And no doubt there were women doing just that. But the feminist argument doesn't work. If the problem was that women were at home rather than in paid work, then the increase in women going out to do paid work should be improving the situation. Fewer women should now be relying on pills and alcohol to get by.
But the opposite has happened. The reliance on pills and alcohol has increased considerably. For instance, in America the situation is as follows:
More than one in four American women took at least one drug for conditions like anxiety and depression last year, according to an analysis of prescription data.
So more than a quarter of American women are now taking anti-depressant or anti-anxiety drugs. And this is the situation in the UK when it comes to alcohol consumption in middle-class homes:
Millions of middle-class women are drinking far more alcohol than they thought, according to official figures revealed.

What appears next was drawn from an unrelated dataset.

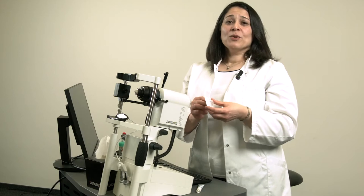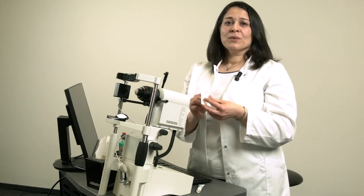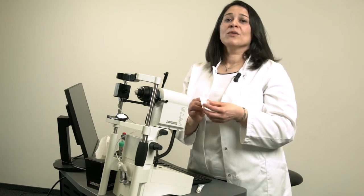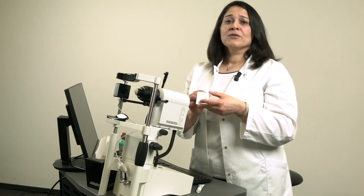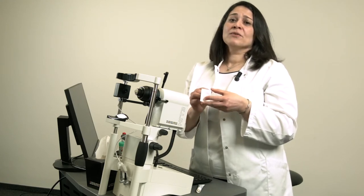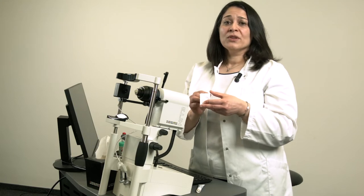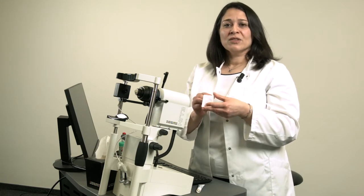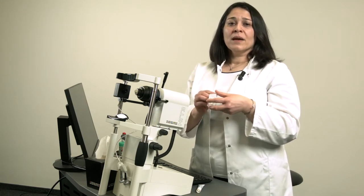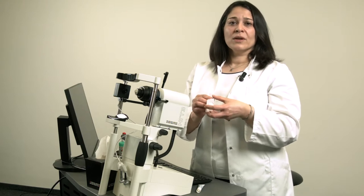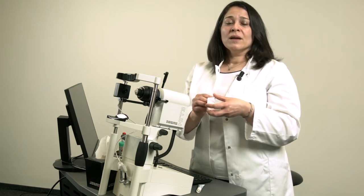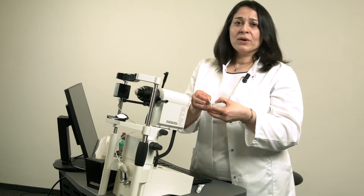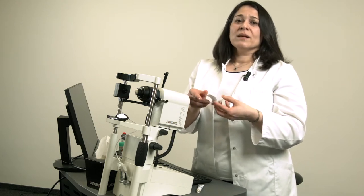The tomo cap is a contact cap used together with the Heidelberg Retina Tomograph Rostock Corner module. The tomo cap serves as a protective cover for the microscope objective to avoid direct patient contact and enable examination under sterile contact. Please use a new sterile tomo cap for each eye to be examined.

...up to a third of women are drinking beyond safe limits every week - much higher than previous estimates.
The shock statistics also reveal the more you earn, the more you drink - with those in higher income groups consuming 30 per cent more alcohol than the working classes.
It confirms the warning by Public Health Minister Dawn Primarolo last year when she said the most serious drinking problem was from middleclass, middle-aged people.
She told MPs: "That is where the serious and dramatic harm is increasing."
The ONS found that those in managerial and professional jobs drink 15.1 units a week, against 11.6 for those in routine and manual occupations.
Those in the very highest income brackets have even more.
Sarah Jarvis, a GP in London, said: "This is not scaremongering - this is a disaster.
"Older people think that because they are not going out vomiting in the street they are not binge drinkers but it is simply not true.
"I see thirty-somethings and forty-somethings with real health problems.
"A lot of them are holding down full-time jobs and don't think they have a problem.
"These people share a bottle of wine with their partner every night as well as having gin and tonics before supper."
The proportion of women drinking too much has leapt from a fifth to a third under the new calculations...
So according to official figures one in three women in the UK exceed safe alcohol consumption, with the problem being more acute amongst high earners.